Por la gracia de Dios, recientemente he llegado a mis ochenta años de vida con relativa buena salud, y hago esta crónica sencilla y no muy larga para tratar de explicar lo que el ser humano, y en este caso yo, siente al comprobar que casi sin darse cuenta le ha llegado la ancianidad, el desplazamiento horizontal y en declive por razones puramente biológicas, es el cumplimiento de la ley natural, y parece que no produce sobresaltos ni lamentaciones, al contrario, es época de grandes satisfacciones espirituales, y de hacer recuento de lo sucedido en ocho decenas de años, comenzando en la dulce e inocente niñez, la adolescencia, la juventud, la edad media, y llegado el medio siglo de vida comienza el ascenso hacia los postreros años de la tercera edad.
He vivido en varios escenarios, el primero fue mi querido barrio de El Hoyo en Frontera, junto a mi madre, mi abuelo y mi hermano, donde el camino frente a mi casa era el lugar de los juegos, de las carreras, del trompo, del boliche, de la rueda, etc., y marcó mucho en mi sensibilidad de niño, la constante presencia de muchos hombres casi siempre con sombrero negro, sentados en la pared del huerto de mi abuelo, que acudían al juzgado para se parte en los juicios que se celebraban casi a diario en el juzgado, en los bajos de El Ayuntamiento, la mayoría por problemas de lindes de terrenos, daños de ganados, y conflictos entre familiares y vecinos, recuerdo en particular la figura severa del Juez D. Liberato Barrera, siempre tratando de buscar acuerdos entre las partes.

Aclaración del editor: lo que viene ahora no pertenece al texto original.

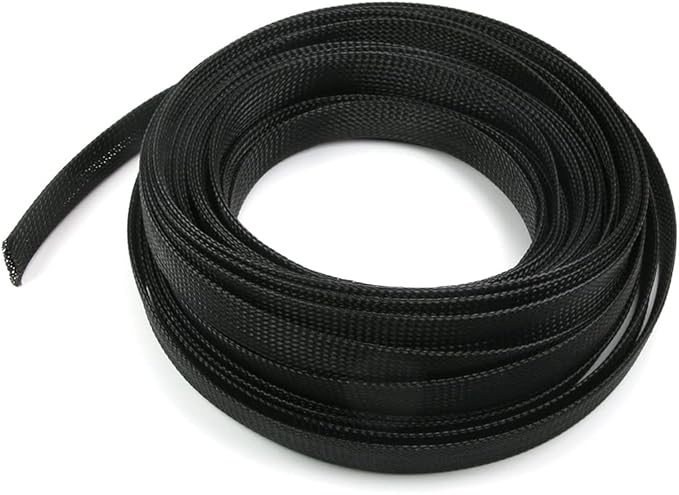Aicosineg Cable Sleeve Braided Sleeving PET Wire Loom Tubing Cable 32.81ft-5/8inch Wrap Protector for HiFi Audio and Video Headphone Cable Protect Wires from Chewing of Pets Black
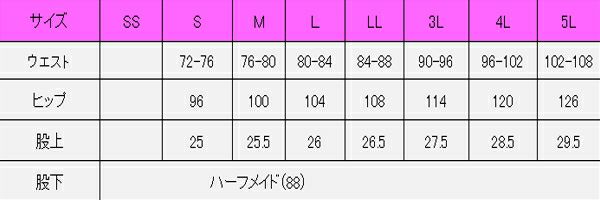 男性ノータックストレートパンツ　サイズ表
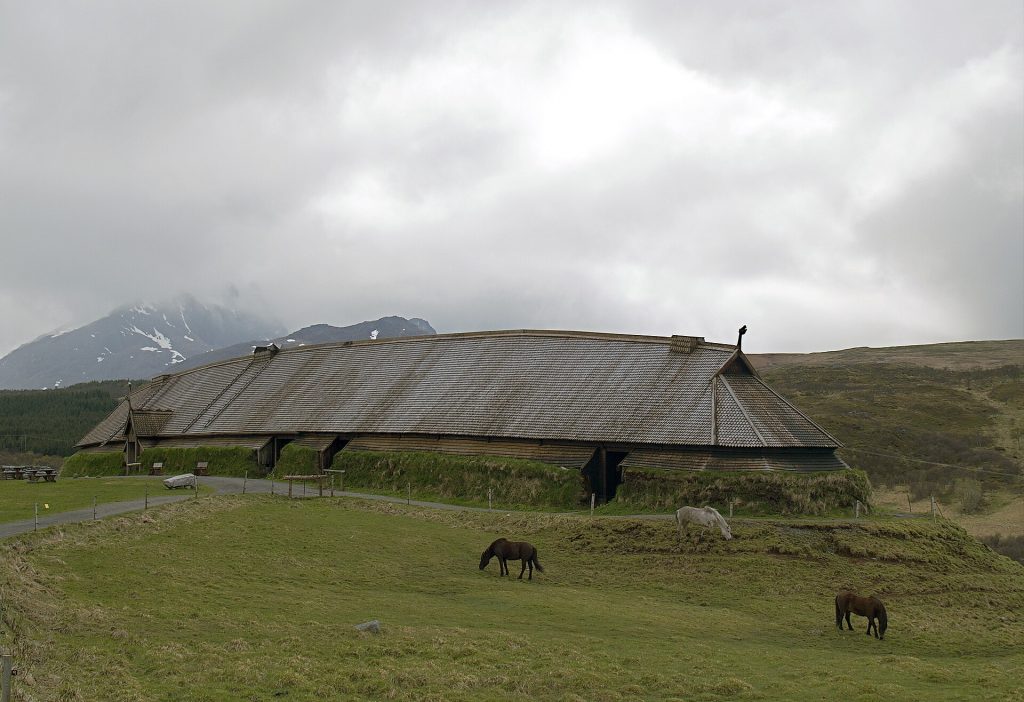 The reconstructed chieftain's longhouse at Borg in Norway, the kind of building Asgard Alaska membership helps us raise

También me marcó mucho el izado de las banderas en El Ayuntamiento, la nacional y la de la falange, y la frecuente presencia de la guardia civil que en sus recorridos venía a dormir en un cuarto habilitado para ellos en los bajos del edificio, cuando estaban por allí, nosotros los niños no salíamos a jugar al camino por el pánico que nos producían sus armas y sus uniformes especialmente sus gorros negros imponentes. Al Ayuntamiento acudía a diario mucha gente a gestiones oficiales, y no puedo olvidar cuando los mozos quintos venían a tallarse para preparar su ingreso en el ejército, que entonces era preceptivo y obligatorio, recuerdo a los quintos de El Pinar que bajaban cantando por El Jable y traían el vino en un enorme cuerno, a veces era tanto lo que tomaban que no podían regresar por la tarde a su pueblo y tenían que dormir en La Caldera de D. Lorenzo.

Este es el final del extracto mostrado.